# EXTRACTED ENTRIES
########

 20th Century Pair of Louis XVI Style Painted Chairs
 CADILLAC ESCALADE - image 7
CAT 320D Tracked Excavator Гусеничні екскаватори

########

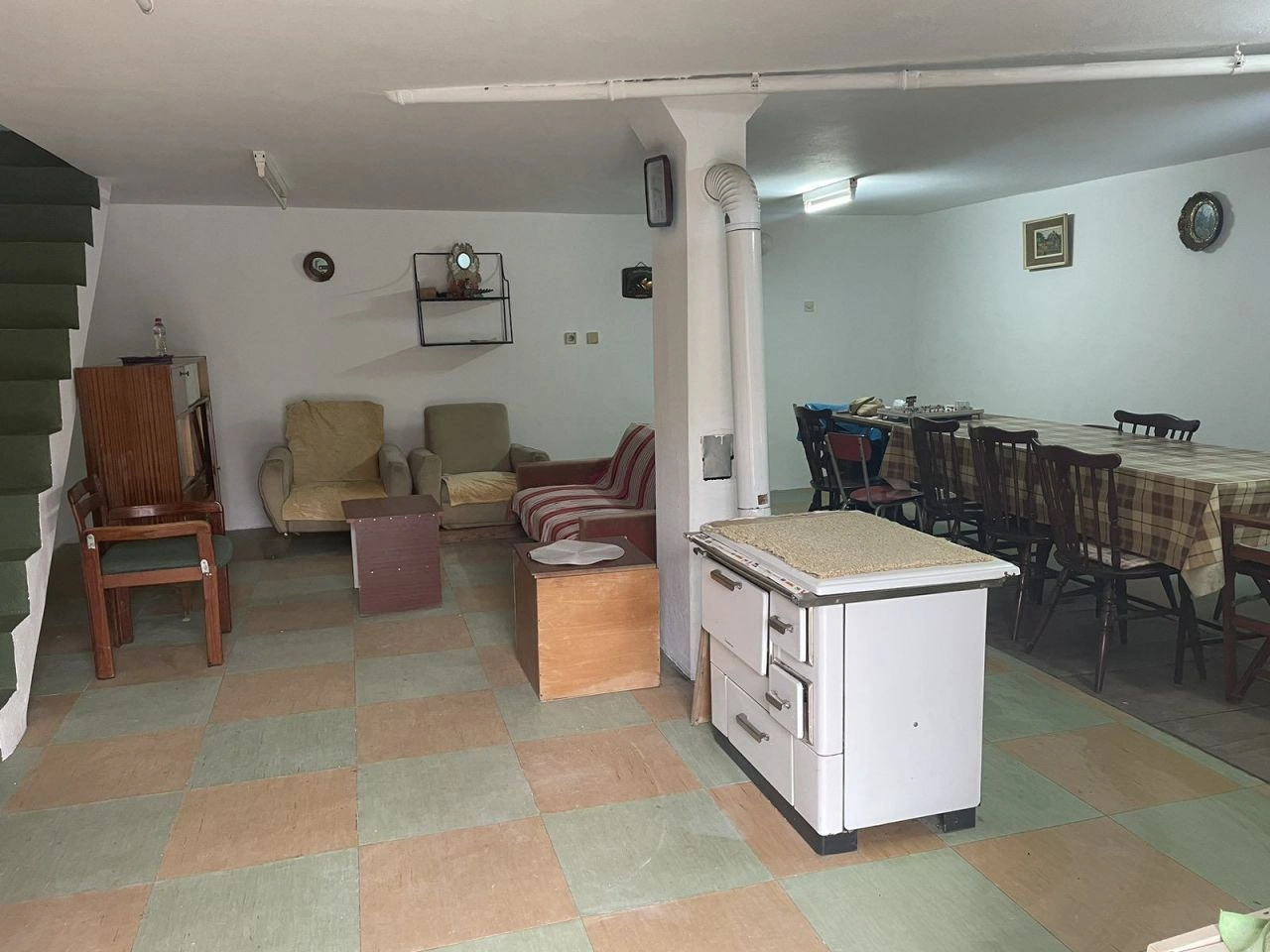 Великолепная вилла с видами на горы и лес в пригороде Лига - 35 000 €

########

# WHAT YOU SHOULD DO
Could you return exactly the lines above from the line with "CADILLAC ESCALADE - image 7" to the line with "CAT 320D Tracked", both included, and nothing else?

# RESULT
 CADILLAC ESCALADE - image 7
CAT 320D Tracked Excavator Гусеничні екскаватори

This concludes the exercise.